Greetings.
I have a file with information like this:
AMNDHRKEOEU?AMNDHRKEOEU?AMNDHRKEOEU?AMNDHRKEOEU?
AMNDHRKEEU?AMNDHREOEU?
AMNDHREU?AHRKEOEU?AMNDHRKEU?AMNDKEOEU?
What I need to extract is the position, in every line, of every occurrence of '?'
A desired output would be something like:
1:12, 24, 36, 48
2:11, 22
3:9, 18, 28, 38
I'm using the bash shell
One possible approach: you can use AWK with the field separator set to ?
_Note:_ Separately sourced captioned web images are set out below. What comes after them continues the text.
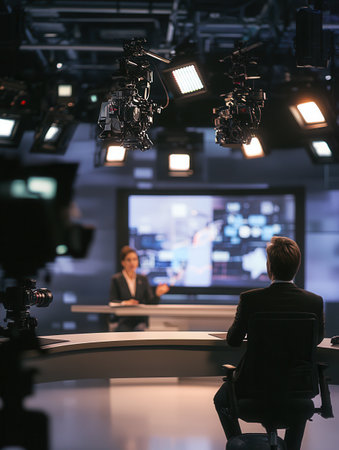 Two news anchors engage in lively discourse on current events in a high-tech television studio filled with bright lighting.の素材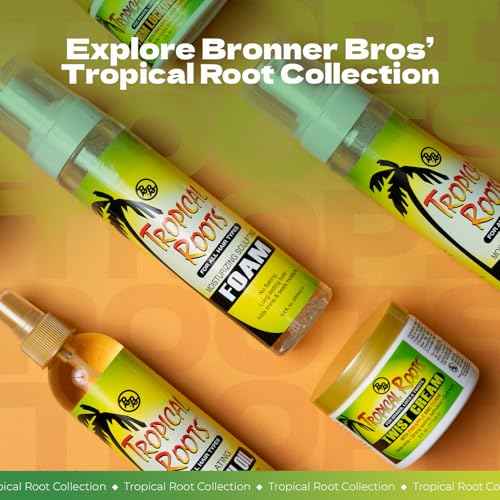 Bronner Bros Tropical Roots Moisturizing Sculpting Foam - With Vitamin E & B5, Guava & Pomegranate Extracts - Hydrating, Nourishing, Long-Lasting Hold & Definition, No Flaking or Build-Up - 8.5oz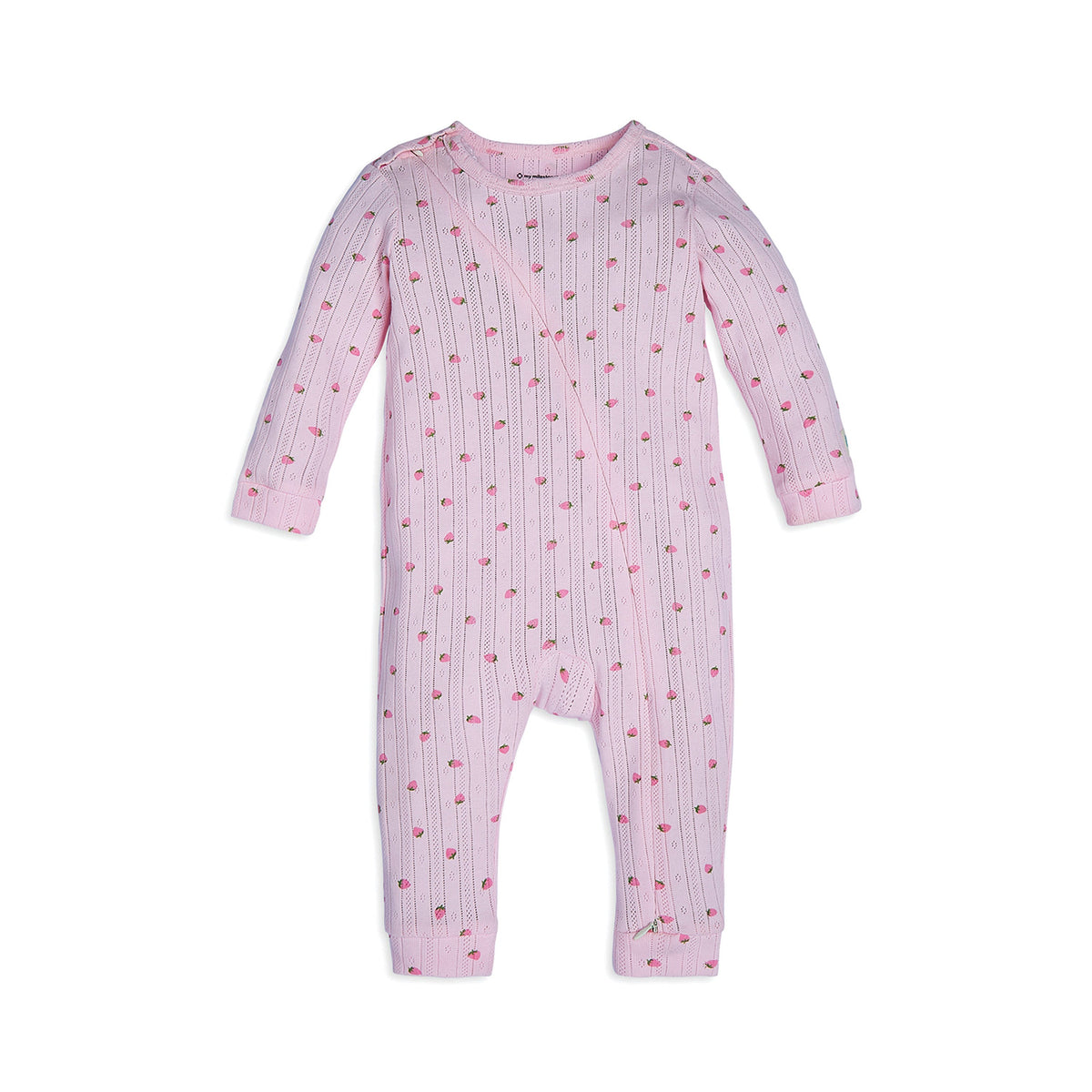 My Milestones Pointelle Long Sleeves 2-Way Zipper Romper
. Then, for each record, inspect the number of fields and their lengths to determine where the ?
characters occur.
Analogously, you can do the same thing in the shell using IFS, read, the set builtin, a for-loop, and $#.
Regards,
Alister
awk '{printf("%d:",NR);len=0;for(i=1;i!=NF;++i){len+=length($i)+1;printf("%d ",len)}printf("\n")}' FS="?" infile
or
awk '{printf("%d:",NR)}{for(i=1;i<=NF;++i)if($i == "?")printf("%d ",i)}{printf("\n")}' FS="" infile
1 Like
Thanks, huaihaizi3. The first one worked perfectly!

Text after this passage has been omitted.